Die 9. Orgelfahrt begann in der Evangelischen Stadtkirche Leonberg. Eine hervorragende Akustik und 2 Orgeln zeichnen diese Kirche aus. Die große 3manualige Orgel (45 Register/3748 klingende Pfeifen) auf der Westempore ist 1965 von der Firma Walker aufgestellt worden und ersetzte die alte Schäfer-Orgel/Göppingen aus dem Jahr 1872. Die kleine 2manualige Chororgel wurde anstelle der früher üblichen „Kriegerdenkmale“ zum Gedächtnis aller Opfer des Hitler-Regimes gestiftet. Ein besonderes Kleinod sind die auf den Orgeltüren von Hans Gottfried Stockhausen gemalten Meditationsbilder.
Die nächste Kirche war die Neuapostolische Kirche in Magstadt. Im August 2007 wurde die Einweihung des Kirchenumbaus und die Einweihung der gebrauchten, klanglich umdisponierten, Schmid-Orgel aus Kaufbeuren gefeiert. Die Orgel fügt sich klanglich und optisch hervorragend in den neugestalteten Kirchenraum ein.

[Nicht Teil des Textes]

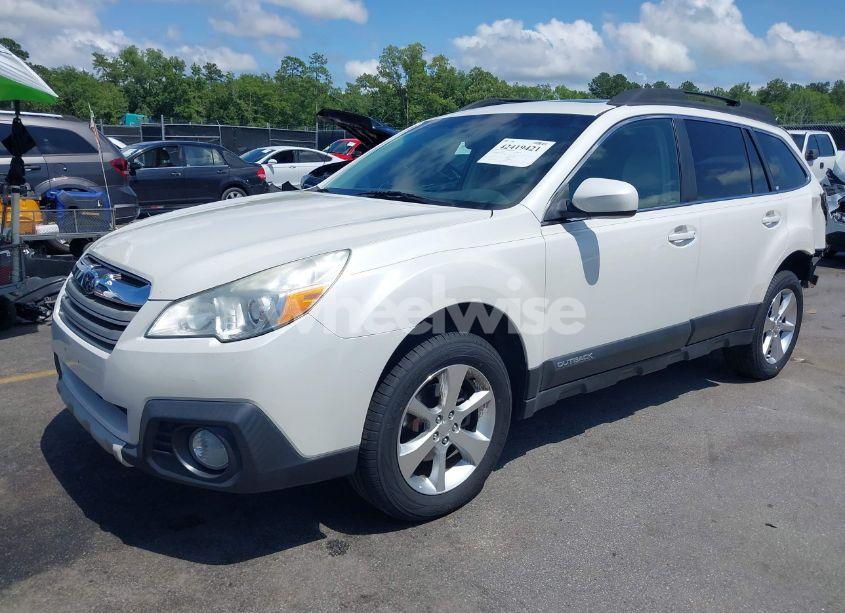 Photo 2 of 2014 Subaru Outback 2.5I LIMITED (VIN 4S4BRBLC7E3248103)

Dann ging es weiter nach Bad Liebenzell. Die Evangelische Kirche aus dem Jahr 1746, eigentlich Marienkirche, wurde im Jahre 1955 in Blumhardt-Kirche umbenannt. Pfarrer Johann Christoph Blumhardt wurde 1838 Pfarrer in Möttlingen/Bad Liebenzell. Seine Überzeugung, daß das Kommen des Reiches Gottes nahe bevorstehe, veranlasste ihn zu sozialem Handeln. Später zog er mit seiner Familie nach Bad Boll, wo er bis zu seinem Tod 1880 ein Kurhaus und Seelsorgezentrum leitete. Die Orgel ist eine Stiftung der Familie Blumhardt aus dem Jahr 1883, erbaut von Georg Schäfer aus Göppingen. Später wurde sie von der Firma Weigle erweitert.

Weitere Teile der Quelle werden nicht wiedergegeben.